**Work item:**
The answer must reproduce all of the data below exactly and contain no images.

Records contained in a dataset:
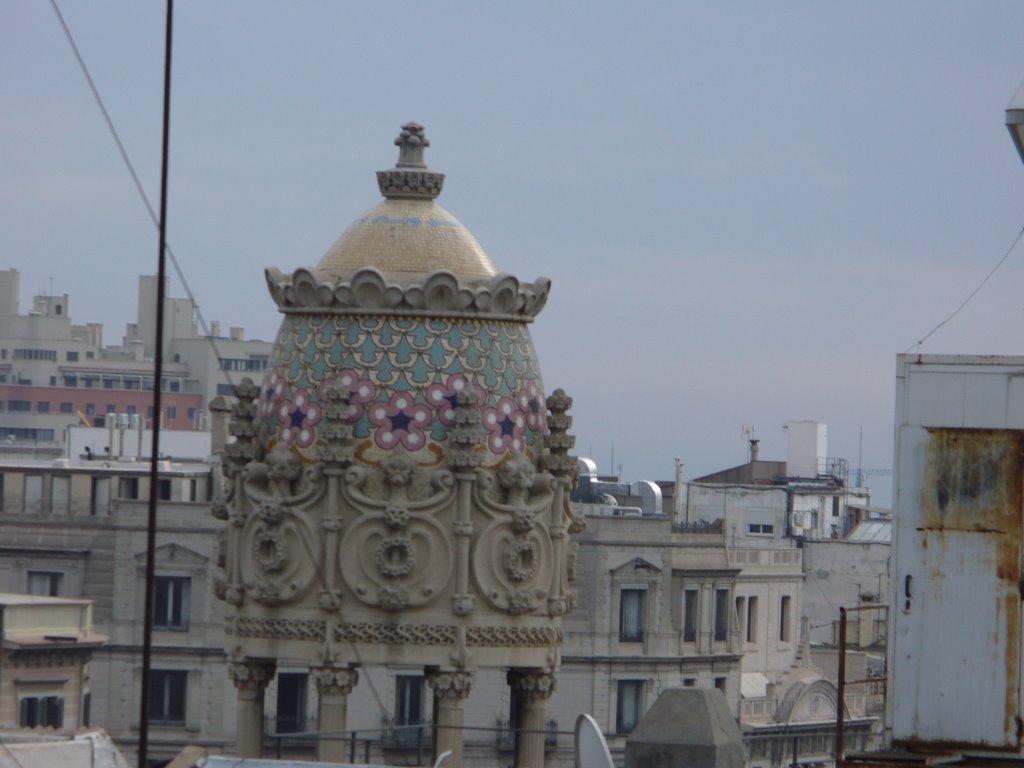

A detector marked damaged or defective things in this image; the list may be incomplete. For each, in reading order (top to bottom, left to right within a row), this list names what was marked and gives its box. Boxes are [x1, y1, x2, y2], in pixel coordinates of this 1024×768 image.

rusted metal panel [892, 424, 1020, 748]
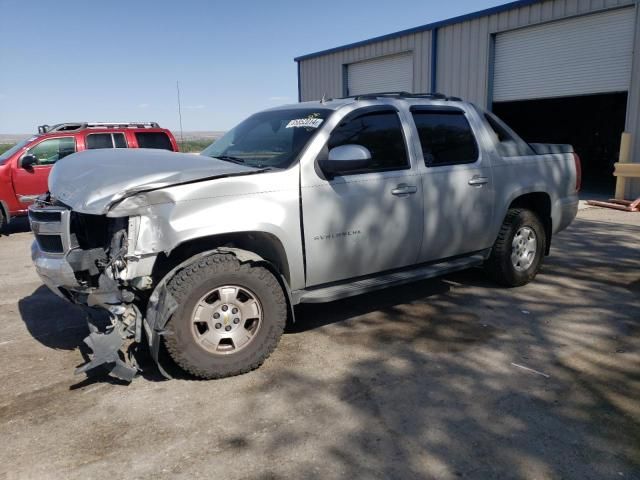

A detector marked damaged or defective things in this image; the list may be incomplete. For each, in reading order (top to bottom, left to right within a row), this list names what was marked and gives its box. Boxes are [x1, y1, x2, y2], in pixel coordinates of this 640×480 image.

crumpled hood [48, 148, 258, 212]
wrecked vehicle [28, 92, 580, 380]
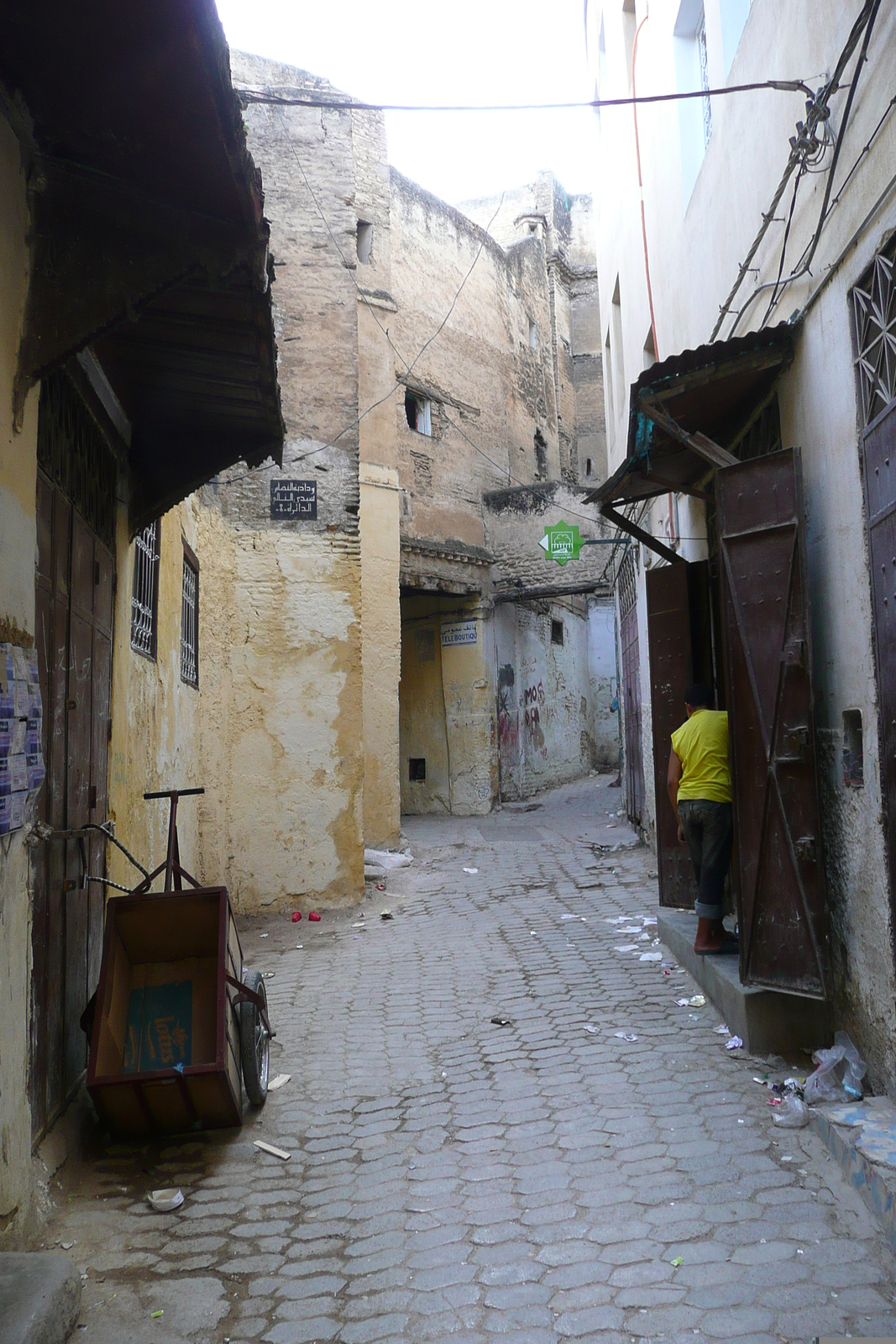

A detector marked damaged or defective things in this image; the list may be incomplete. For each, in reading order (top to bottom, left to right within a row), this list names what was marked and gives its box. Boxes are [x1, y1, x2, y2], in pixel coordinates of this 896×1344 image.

rusty metal door [31, 381, 116, 1142]
rusty metal door [615, 548, 642, 823]
rusty metal door [642, 561, 712, 907]
rusty metal door [712, 450, 823, 995]
rusty metal door [857, 396, 893, 968]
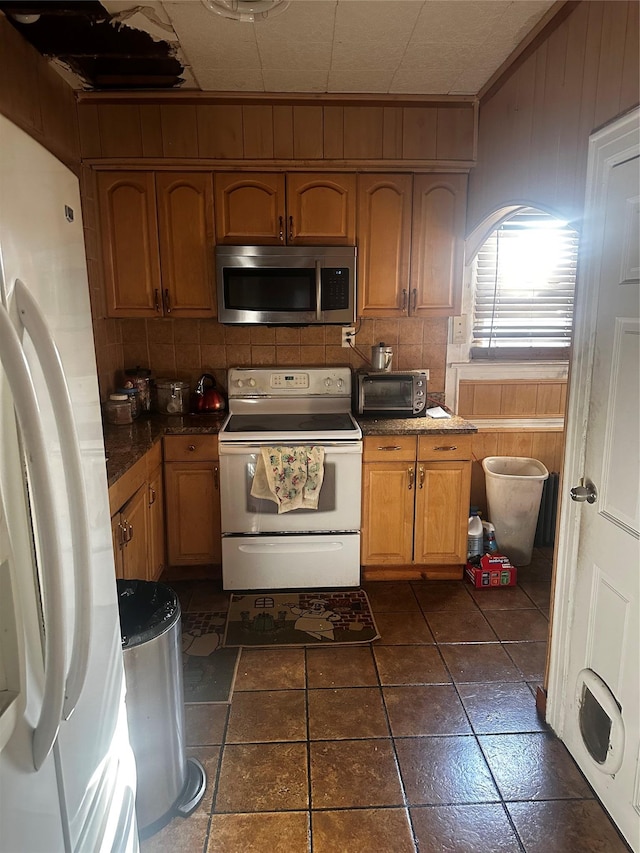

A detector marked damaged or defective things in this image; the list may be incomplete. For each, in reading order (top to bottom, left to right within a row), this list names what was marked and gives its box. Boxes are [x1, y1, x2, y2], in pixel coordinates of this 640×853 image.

damaged ceiling panel [0, 0, 190, 88]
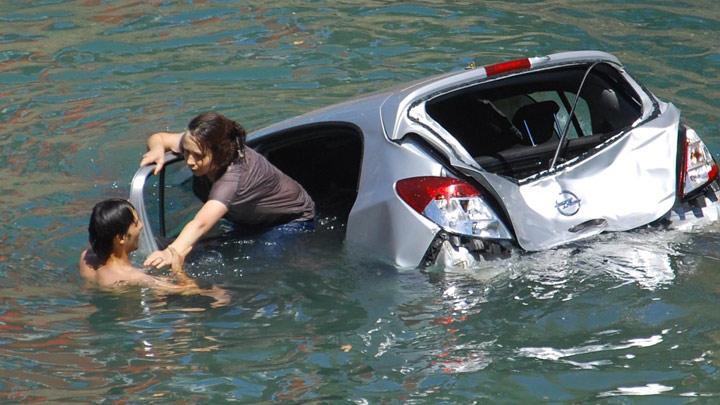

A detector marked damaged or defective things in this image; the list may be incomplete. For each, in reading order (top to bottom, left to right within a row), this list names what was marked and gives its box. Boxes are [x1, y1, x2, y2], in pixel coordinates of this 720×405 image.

crumpled car body [129, 50, 720, 270]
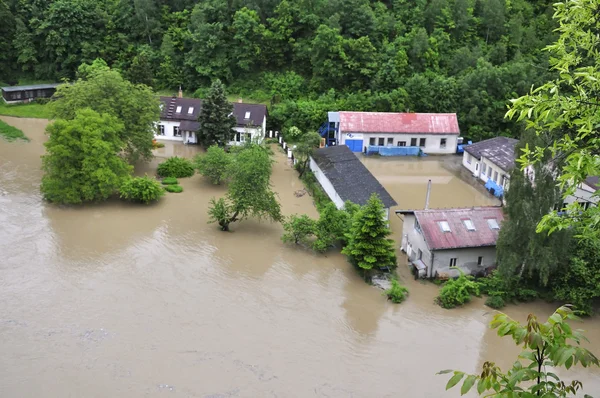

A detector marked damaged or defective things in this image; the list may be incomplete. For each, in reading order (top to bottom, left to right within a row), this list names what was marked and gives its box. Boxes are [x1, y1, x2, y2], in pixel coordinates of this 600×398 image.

rusty roof [338, 112, 460, 135]
rusty roof [400, 207, 504, 250]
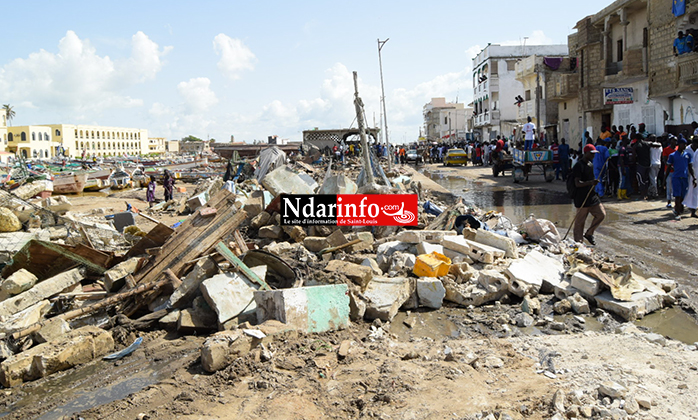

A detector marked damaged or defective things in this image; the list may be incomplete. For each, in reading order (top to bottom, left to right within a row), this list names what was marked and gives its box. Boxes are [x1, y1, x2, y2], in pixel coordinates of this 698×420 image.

broken concrete slab [474, 226, 516, 260]
broken concrete slab [0, 268, 37, 296]
broken concrete slab [0, 270, 84, 318]
broken concrete slab [103, 256, 140, 292]
broken concrete slab [167, 256, 216, 308]
broken concrete slab [200, 272, 260, 324]
broken concrete slab [253, 284, 348, 334]
broken concrete slab [324, 260, 372, 288]
broken concrete slab [358, 276, 414, 322]
broken concrete slab [416, 278, 444, 308]
broken concrete slab [502, 251, 564, 296]
broken concrete slab [568, 272, 600, 298]
broken concrete slab [592, 290, 664, 320]
broken concrete slab [0, 324, 111, 388]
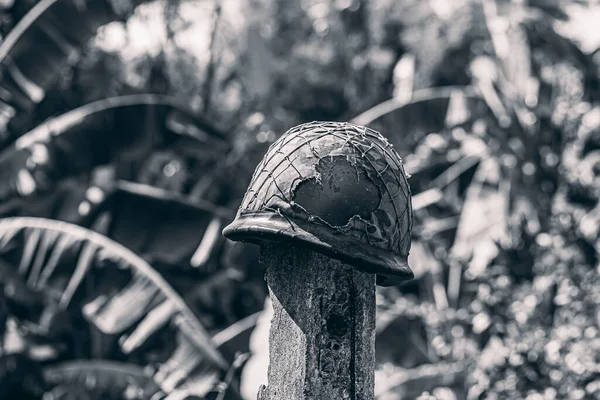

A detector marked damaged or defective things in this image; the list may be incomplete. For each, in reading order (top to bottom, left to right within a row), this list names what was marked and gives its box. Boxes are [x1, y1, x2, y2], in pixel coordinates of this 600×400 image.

rusted helmet [223, 120, 414, 286]
rusty metal pole [223, 122, 414, 400]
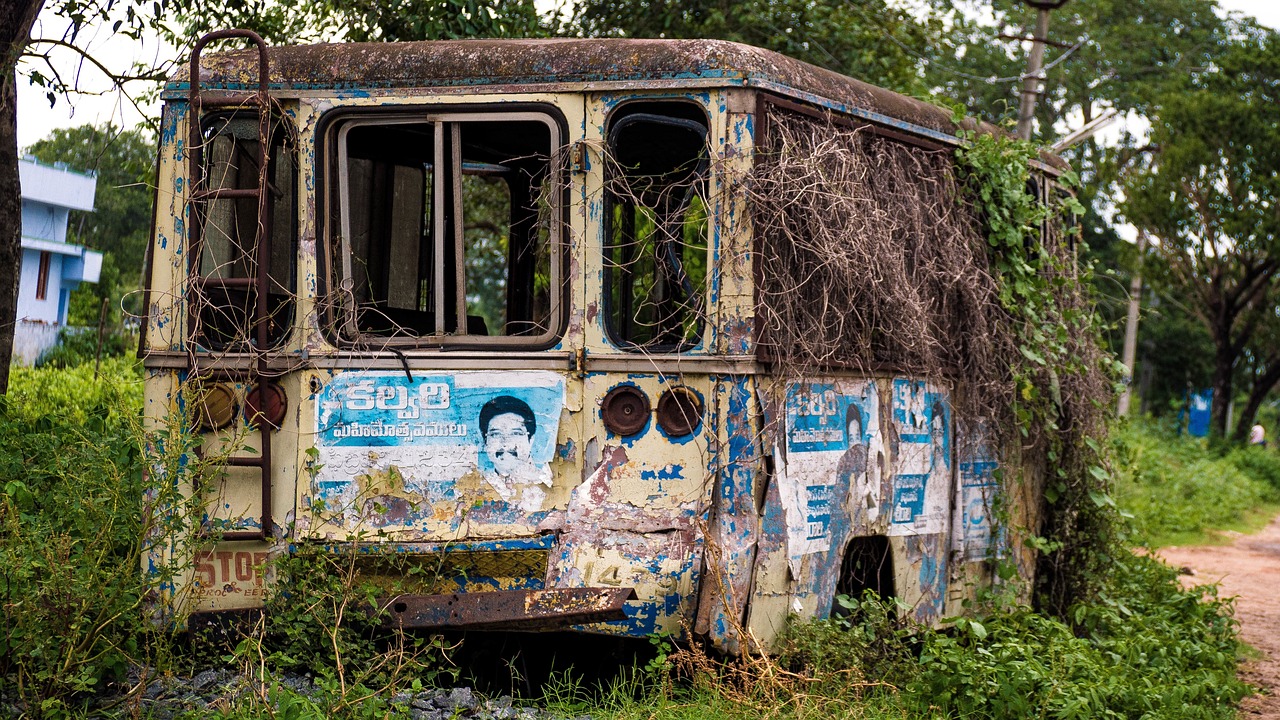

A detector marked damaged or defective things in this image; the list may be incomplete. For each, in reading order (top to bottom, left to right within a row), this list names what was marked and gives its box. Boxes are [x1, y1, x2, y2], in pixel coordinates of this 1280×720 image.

broken window [190, 112, 295, 351]
broken window [332, 110, 563, 345]
rusty bus body [145, 33, 1054, 650]
abandoned bus [142, 32, 1059, 650]
broken window [601, 99, 711, 351]
rusted bumper [373, 584, 634, 627]
rusted metal sheet [378, 586, 640, 625]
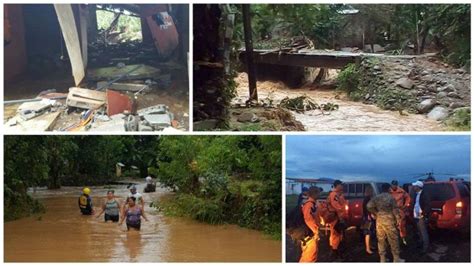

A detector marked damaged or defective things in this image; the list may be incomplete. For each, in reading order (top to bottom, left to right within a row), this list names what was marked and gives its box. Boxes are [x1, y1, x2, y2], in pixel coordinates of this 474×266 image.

broken wooden plank [54, 4, 85, 85]
damaged building [4, 3, 189, 132]
broken wooden plank [88, 64, 162, 81]
damaged wooden bridge [241, 48, 434, 69]
broken wooden plank [66, 88, 106, 109]
broken wooden plank [4, 110, 60, 132]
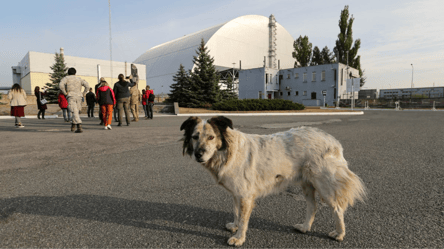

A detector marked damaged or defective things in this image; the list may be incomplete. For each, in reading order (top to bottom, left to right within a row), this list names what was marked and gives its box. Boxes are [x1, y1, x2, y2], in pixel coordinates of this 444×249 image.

cracked asphalt [0, 112, 442, 248]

**Answer below:**
A detector marked damaged or defective things in this image; the list may be incomplete. For each, in reading order (top to bottom, left to right within a row), this list names what was marked and gives its box. Boxes are [x1, y1, x2, y2], in pixel coordinates of this 1024×768 image.

rusted metal panel [892, 424, 1020, 748]

A detector marked damaged or defective things in this image; the list may be incomplete. For each, in reading order (top to bottom, left to right within a row), this list names what was marked and gives its box. Boxes are [x1, y1, x2, y2], in pixel coordinates of this 640×480 image.

crumpled hood [48, 148, 258, 212]
wrecked vehicle [28, 92, 580, 380]

A detector marked damaged or defective things in this image; the list may be incomplete. For each, in reading order (top to bottom, left to right within a row), this list names what was marked and gives its box. Boxes are [x1, y1, x2, y2], in pixel coordinates of this 896×1344 image.

rusty metal door [31, 381, 116, 1142]
rusty metal door [615, 548, 642, 823]
rusty metal door [642, 561, 712, 907]
rusty metal door [712, 450, 823, 995]
rusty metal door [857, 396, 893, 968]

A detector marked damaged or defective things in this image; the list may be incomplete. For each, in reading order (top to bottom, left to right within a row), this list names what was marked and gives its box. Boxes are [x1, y1, x2, y2], in pixel coordinates of this 640×853 image.

damaged ceiling panel [0, 0, 190, 88]

A detector marked damaged or defective things in this image; the list may be incomplete. For each, in reading order (top to bottom, left to right within a row), this list names what was marked and gives its box. Boxes are [x1, y1, x2, y2], in pixel coordinates of this 720×405 image.

crumpled car body [129, 50, 720, 270]

A detector marked damaged or defective things in this image; the list may be incomplete. For each, in reading order (top to bottom, left to right within a row), this list names what was marked and gives its box. Boxes are [x1, y1, x2, y2], in pixel coordinates of this 600×398 image.

rusty roof [338, 112, 460, 135]
rusty roof [400, 207, 504, 250]

A detector marked damaged or defective things in this image; the list may be incomplete. For each, in reading order (top to bottom, left to right within a row), this list names what was marked and gives its box. Boxes are [x1, y1, x2, y2], in pixel coordinates of this 698×420 image.

broken concrete slab [474, 226, 516, 260]
broken concrete slab [0, 268, 37, 296]
broken concrete slab [0, 270, 84, 318]
broken concrete slab [103, 256, 140, 292]
broken concrete slab [167, 256, 216, 308]
broken concrete slab [200, 272, 260, 324]
broken concrete slab [253, 284, 348, 334]
broken concrete slab [324, 260, 372, 288]
broken concrete slab [358, 276, 414, 322]
broken concrete slab [416, 278, 444, 308]
broken concrete slab [502, 251, 564, 296]
broken concrete slab [568, 272, 600, 298]
broken concrete slab [592, 290, 664, 320]
broken concrete slab [0, 324, 111, 388]

A detector marked damaged or defective things in this image; the list may be incomplete. For each, in reading order (top to bottom, left to right within a row), this list names what was marked and gives its box. Boxes are [x1, y1, x2, y2], in pixel coordinates of this 600×400 image.

rusted helmet [223, 120, 414, 286]
rusty metal pole [223, 122, 414, 400]

A detector marked damaged or defective things in this image; the list may be incomplete. For each, in reading order (top to bottom, left to right within a row), this list names what was marked and gives its box. Boxes are [x1, y1, x2, y2], in pixel coordinates of this 1280×720 image.

broken window [190, 112, 295, 351]
broken window [332, 110, 563, 345]
rusty bus body [145, 33, 1054, 650]
abandoned bus [142, 32, 1059, 650]
broken window [601, 99, 711, 351]
rusted bumper [373, 584, 634, 627]
rusted metal sheet [378, 586, 640, 625]

A detector marked damaged or defective things in this image; the list may be incomplete. For each, in reading order (top to bottom, left to right within a row), this list names what was marked and gives its box. Boxes are [x1, y1, x2, y2], in pixel coordinates of this 474×266 image.

broken wooden plank [54, 4, 85, 85]
damaged building [4, 3, 189, 132]
broken wooden plank [88, 64, 162, 81]
damaged wooden bridge [241, 48, 434, 69]
broken wooden plank [66, 88, 106, 109]
broken wooden plank [4, 110, 60, 132]

A detector marked damaged or defective things in this image; the list may be incomplete. For each, in reading order (top to bottom, left to right within a row), this list names what was marked and gives its box. Boxes are [x1, y1, x2, y2], in pixel coordinates of this 444×249 image.

cracked asphalt [0, 112, 442, 248]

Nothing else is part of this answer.